RETHINKING AFRICAN THEOLOGY is the new column for debate and training launched by La Croix Africa, in collaboration with Prions en Eglise Afrique. It offers a platform for thinkers to fruitfully reflect on the future of the Church and of theological thought in Africa.
In June, Msgr. Janvier Yaméogo, priest of the diocese of Koudougou, in the center-west of Burkina Faso, in service with the dicastery of communication at the Vatican, offers a reflection on ecclesial communication.
The discourse and perception of the Church vis-à-vis the communication media, has gone from mistrust and moralizing discourse to welcoming “wonderful technical discoveries” (Cf Inter mirifica n.1) and commitment to “digital culture”. The Pope is on Twitter and the Holy See has a Ministry for Communication wanted by the Second Vatican Council. In 2003, however, Frédéric Antoine explicitly titled, “The great misunderstanding. Has the Church Lost Culture and Media? » a book where he invites us to reflect on a new « being in the world » of Christianity. Dealing with communication in the Church in the era of new technologies will only allow us to touch on a few theological and pastoral questions, many are the anthropological and socio-cultural challenges.

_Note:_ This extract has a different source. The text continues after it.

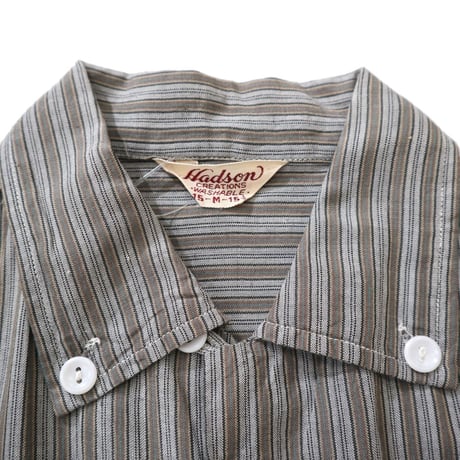 50's Hadson 3点留め マルチストライプ LS シャツ Mサイズ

The history of communication from the beginnings of writing to our digital age is characterized by the need to record, to have traces; from the physically drawn line to the digital recording that brings together all the technologies in the smartphone in the palm of the hand.
History of the Church and History of Communication
The history of the Church is also a history of communication as a gift from God to all humanity. The identity and the mission of the Church reside in the pursuit, perpetuation of this free communication of God who wants to gather in unity his scattered children (Cf Communio et progression n.18); since the Church is “in Christ, as the sacrament — that is, both the sign and the instrument — of intimate union with God and of the unity of all mankind”, communication is inscribed in its DNA in a context characterized by a kind of disappearance – assimilation of the media in technology oriented towards the interpersonal relationship. Note the quasi-sacramental, even magical aspect of communication technologies.
The history of communication highlights the intrinsic link with culture, education and transmission. The transformation of media to digital convergence is a continuity to preserve memory from oblivion, with increasing storage capacity for preservation (big data) and instant accessibility in time and space. Digital technology thus transforms our relationship to knowledge and science, to memory, to truth, to time, to space and above all to authority and institutions.
Challenges
Given their roles and interactions in human and social mediations, knowledge technologies, traditions and rites, instances of conservation and transmission, are a crucial anthropological challenge. For the Church, three levels of challenge can be classified: at the cultural level (Redemptoris mission n.37) in the choice of instruments and strategies to reach the addressee; pastoral for the accessibility of the Message to all for example the Message Urbi et Orbi (to the City and to the World) of the pope; finally at the ecclesial and ecclesiological level: which Church and who is the Church, institution, hierarchy and Church-Media relationship, the horizontality of exchanges and the question of truth and authority… In connection with the hypothesis that the Protestant reform was a side effect of Gutenberg’s revolution, what scenario are we heading towards today? Can we even perceive what will happen when everything is changing so fast?
Whatever the religious obedience, the containment of the Covid-19 pandemic has forced digital communication with the questions raised by devotion and online worship. This climate has also highlighted the porous boundaries between truth and lies, science and opinion, rumours, conspiracy theories, propaganda and disinformation…
Technological hybridization
The recent sharing of data between WhatsApp and Facebook has sparked unsuccessful protests over the “alleged” violation of privacy standards for commercial purposes. There are frictions between law, justice and social networks with the tendency of the latter to set themselves up as courts. Users, despite appearances, are tracked and profiled, even manipulated consumers. Algorithms and artificial intelligence involve ethical and legal issues at the global, geopolitical and strategic level.
Here we are almost under control due to the fact of technological hybridization with human beings and everyday things, our being in the world seems to be in the hands of big data. Pope Francis pleads for the implementation of an ethic of freedom, responsibility and fraternity in order to prevent technological progress from generating further economic, educational, technological, social and cultural inequalities. (Fratelli tutti n.205) The main challenge of communication for the Church in the digital age is probably the commitment for a more just and fraternal world, in solidarity with all, so that science and technology serve peace and integral human development.